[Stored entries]
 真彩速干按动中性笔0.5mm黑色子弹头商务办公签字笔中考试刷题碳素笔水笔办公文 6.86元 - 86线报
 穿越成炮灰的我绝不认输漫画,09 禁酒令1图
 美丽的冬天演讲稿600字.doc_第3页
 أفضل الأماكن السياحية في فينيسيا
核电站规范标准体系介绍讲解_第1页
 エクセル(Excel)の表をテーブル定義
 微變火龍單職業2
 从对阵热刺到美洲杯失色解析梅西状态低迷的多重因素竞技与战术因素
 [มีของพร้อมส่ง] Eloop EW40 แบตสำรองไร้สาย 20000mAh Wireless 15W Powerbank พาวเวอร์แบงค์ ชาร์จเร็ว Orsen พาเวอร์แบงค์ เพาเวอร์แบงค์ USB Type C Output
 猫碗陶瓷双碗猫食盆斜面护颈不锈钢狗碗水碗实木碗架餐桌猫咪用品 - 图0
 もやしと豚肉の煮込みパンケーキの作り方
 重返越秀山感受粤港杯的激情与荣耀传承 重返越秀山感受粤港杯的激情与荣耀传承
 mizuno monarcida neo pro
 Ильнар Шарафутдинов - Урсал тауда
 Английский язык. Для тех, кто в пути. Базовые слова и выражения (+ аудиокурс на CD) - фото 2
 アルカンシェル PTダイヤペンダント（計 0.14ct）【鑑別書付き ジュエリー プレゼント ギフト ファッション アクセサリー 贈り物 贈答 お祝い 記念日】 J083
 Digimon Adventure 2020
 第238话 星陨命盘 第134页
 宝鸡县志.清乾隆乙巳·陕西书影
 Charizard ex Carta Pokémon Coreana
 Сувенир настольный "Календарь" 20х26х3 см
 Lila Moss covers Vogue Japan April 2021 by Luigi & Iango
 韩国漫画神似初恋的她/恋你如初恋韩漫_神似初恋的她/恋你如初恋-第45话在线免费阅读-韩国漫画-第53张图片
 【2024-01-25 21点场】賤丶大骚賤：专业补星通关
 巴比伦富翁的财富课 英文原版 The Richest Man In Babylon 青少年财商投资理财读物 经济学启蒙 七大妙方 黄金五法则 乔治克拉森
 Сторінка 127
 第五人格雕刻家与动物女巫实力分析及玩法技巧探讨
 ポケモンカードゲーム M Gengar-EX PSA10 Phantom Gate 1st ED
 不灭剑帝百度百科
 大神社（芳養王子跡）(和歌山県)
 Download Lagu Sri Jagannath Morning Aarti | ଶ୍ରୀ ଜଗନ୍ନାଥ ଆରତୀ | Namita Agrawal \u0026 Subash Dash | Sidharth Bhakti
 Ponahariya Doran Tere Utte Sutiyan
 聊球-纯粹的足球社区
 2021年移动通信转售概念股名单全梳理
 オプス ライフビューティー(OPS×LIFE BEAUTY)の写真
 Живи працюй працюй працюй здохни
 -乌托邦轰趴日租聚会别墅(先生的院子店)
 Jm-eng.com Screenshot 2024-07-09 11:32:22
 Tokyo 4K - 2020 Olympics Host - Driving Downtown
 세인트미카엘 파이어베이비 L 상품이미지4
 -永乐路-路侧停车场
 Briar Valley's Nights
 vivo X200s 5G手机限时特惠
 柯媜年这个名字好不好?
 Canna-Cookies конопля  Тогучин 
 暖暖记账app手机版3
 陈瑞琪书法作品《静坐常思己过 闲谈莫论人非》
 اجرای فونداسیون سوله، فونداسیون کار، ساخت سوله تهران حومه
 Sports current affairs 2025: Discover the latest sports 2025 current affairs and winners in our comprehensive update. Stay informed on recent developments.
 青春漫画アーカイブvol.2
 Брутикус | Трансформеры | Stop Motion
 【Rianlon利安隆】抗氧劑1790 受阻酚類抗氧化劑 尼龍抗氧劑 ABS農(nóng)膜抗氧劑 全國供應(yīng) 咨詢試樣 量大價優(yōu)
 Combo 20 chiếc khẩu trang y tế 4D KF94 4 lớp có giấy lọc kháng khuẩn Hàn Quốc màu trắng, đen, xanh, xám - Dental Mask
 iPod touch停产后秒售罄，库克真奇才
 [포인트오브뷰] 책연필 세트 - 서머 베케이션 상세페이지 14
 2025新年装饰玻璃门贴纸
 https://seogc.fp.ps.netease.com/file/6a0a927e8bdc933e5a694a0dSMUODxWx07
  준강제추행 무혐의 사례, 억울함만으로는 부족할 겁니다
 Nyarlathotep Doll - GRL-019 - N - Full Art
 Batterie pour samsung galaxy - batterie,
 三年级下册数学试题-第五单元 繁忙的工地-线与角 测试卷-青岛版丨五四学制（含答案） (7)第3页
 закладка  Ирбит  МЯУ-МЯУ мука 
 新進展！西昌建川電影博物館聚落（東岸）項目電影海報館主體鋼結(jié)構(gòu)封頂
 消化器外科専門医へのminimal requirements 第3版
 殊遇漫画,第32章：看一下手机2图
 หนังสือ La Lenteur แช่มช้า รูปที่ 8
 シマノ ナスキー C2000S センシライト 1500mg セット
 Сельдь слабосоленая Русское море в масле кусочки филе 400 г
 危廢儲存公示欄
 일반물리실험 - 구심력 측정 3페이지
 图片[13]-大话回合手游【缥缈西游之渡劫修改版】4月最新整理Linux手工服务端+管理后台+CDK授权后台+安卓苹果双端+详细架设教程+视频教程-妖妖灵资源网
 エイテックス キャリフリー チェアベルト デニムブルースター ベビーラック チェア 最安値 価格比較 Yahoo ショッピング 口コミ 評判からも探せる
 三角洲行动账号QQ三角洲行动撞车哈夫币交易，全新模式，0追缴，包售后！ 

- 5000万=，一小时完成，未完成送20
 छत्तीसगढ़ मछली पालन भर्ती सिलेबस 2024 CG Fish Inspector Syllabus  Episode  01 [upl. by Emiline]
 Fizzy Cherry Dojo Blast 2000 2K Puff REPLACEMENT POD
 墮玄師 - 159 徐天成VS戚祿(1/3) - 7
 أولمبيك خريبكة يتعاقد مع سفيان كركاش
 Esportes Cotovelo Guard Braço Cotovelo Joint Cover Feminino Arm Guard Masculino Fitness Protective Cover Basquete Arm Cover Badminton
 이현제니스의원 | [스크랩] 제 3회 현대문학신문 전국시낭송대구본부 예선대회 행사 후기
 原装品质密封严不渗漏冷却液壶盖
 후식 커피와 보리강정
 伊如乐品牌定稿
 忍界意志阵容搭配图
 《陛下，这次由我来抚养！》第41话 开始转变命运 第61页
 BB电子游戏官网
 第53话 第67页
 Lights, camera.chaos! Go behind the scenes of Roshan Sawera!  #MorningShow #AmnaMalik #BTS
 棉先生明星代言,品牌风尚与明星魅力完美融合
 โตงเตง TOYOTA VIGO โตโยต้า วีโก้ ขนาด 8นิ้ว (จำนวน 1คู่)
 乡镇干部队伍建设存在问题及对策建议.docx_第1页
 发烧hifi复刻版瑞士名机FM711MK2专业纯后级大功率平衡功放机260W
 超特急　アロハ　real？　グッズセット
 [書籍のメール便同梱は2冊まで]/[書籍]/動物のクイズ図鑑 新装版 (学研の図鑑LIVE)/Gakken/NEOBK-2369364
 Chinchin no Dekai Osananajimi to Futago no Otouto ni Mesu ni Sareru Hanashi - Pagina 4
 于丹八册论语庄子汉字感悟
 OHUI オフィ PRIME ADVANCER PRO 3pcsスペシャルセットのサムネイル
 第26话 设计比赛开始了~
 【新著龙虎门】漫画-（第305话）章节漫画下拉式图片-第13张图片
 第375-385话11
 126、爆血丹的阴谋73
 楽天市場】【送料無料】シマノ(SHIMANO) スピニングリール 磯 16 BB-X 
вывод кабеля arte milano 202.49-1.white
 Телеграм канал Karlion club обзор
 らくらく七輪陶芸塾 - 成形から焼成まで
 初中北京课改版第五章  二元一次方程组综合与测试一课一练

* [TASK REQUIREMENTS] Set every line down again exactly. Begin with the first line of the entries and finish with the line containing "全國供應(yīng) 咨詢試樣 量大價優(yōu)".

* [EXPECTED ANSWER]
 真彩速干按动中性笔0.5mm黑色子弹头商务办公签字笔中考试刷题碳素笔水笔办公文 6.86元 - 86线报
 穿越成炮灰的我绝不认输漫画,09 禁酒令1图
 美丽的冬天演讲稿600字.doc_第3页
 أفضل الأماكن السياحية في فينيسيا
核电站规范标准体系介绍讲解_第1页
 エクセル(Excel)の表をテーブル定義
 微變火龍單職業2
 从对阵热刺到美洲杯失色解析梅西状态低迷的多重因素竞技与战术因素
 [มีของพร้อมส่ง] Eloop EW40 แบตสำรองไร้สาย 20000mAh Wireless 15W Powerbank พาวเวอร์แบงค์ ชาร์จเร็ว Orsen พาเวอร์แบงค์ เพาเวอร์แบงค์ USB Type C Output
 猫碗陶瓷双碗猫食盆斜面护颈不锈钢狗碗水碗实木碗架餐桌猫咪用品 - 图0
 もやしと豚肉の煮込みパンケーキの作り方
 重返越秀山感受粤港杯的激情与荣耀传承 重返越秀山感受粤港杯的激情与荣耀传承
 mizuno monarcida neo pro
 Ильнар Шарафутдинов - Урсал тауда
 Английский язык. Для тех, кто в пути. Базовые слова и выражения (+ аудиокурс на CD) - фото 2
 アルカンシェル PTダイヤペンダント（計 0.14ct）【鑑別書付き ジュエリー プレゼント ギフト ファッション アクセサリー 贈り物 贈答 お祝い 記念日】 J083
 Digimon Adventure 2020
 第238话 星陨命盘 第134页
 宝鸡县志.清乾隆乙巳·陕西书影
 Charizard ex Carta Pokémon Coreana
 Сувенир настольный "Календарь" 20х26х3 см
 Lila Moss covers Vogue Japan April 2021 by Luigi & Iango
 韩国漫画神似初恋的她/恋你如初恋韩漫_神似初恋的她/恋你如初恋-第45话在线免费阅读-韩国漫画-第53张图片
 【2024-01-25 21点场】賤丶大骚賤：专业补星通关
 巴比伦富翁的财富课 英文原版 The Richest Man In Babylon 青少年财商投资理财读物 经济学启蒙 七大妙方 黄金五法则 乔治克拉森
 Сторінка 127
 第五人格雕刻家与动物女巫实力分析及玩法技巧探讨
 ポケモンカードゲーム M Gengar-EX PSA10 Phantom Gate 1st ED
 不灭剑帝百度百科
 大神社（芳養王子跡）(和歌山県)
 Download Lagu Sri Jagannath Morning Aarti | ଶ୍ରୀ ଜଗନ୍ନାଥ ଆରତୀ | Namita Agrawal \u0026 Subash Dash | Sidharth Bhakti
 Ponahariya Doran Tere Utte Sutiyan
 聊球-纯粹的足球社区
 2021年移动通信转售概念股名单全梳理
 オプス ライフビューティー(OPS×LIFE BEAUTY)の写真
 Живи працюй працюй працюй здохни
 -乌托邦轰趴日租聚会别墅(先生的院子店)
 Jm-eng.com Screenshot 2024-07-09 11:32:22
 Tokyo 4K - 2020 Olympics Host - Driving Downtown
 세인트미카엘 파이어베이비 L 상품이미지4
 -永乐路-路侧停车场
 Briar Valley's Nights
 vivo X200s 5G手机限时特惠
 柯媜年这个名字好不好?
 Canna-Cookies конопля  Тогучин 
 暖暖记账app手机版3
 陈瑞琪书法作品《静坐常思己过 闲谈莫论人非》
 اجرای فونداسیون سوله، فونداسیون کار، ساخت سوله تهران حومه
 Sports current affairs 2025: Discover the latest sports 2025 current affairs and winners in our comprehensive update. Stay informed on recent developments.
 青春漫画アーカイブvol.2
 Брутикус | Трансформеры | Stop Motion
 【Rianlon利安隆】抗氧劑1790 受阻酚類抗氧化劑 尼龍抗氧劑 ABS農(nóng)膜抗氧劑 全國供應(yīng) 咨詢試樣 量大價優(yōu)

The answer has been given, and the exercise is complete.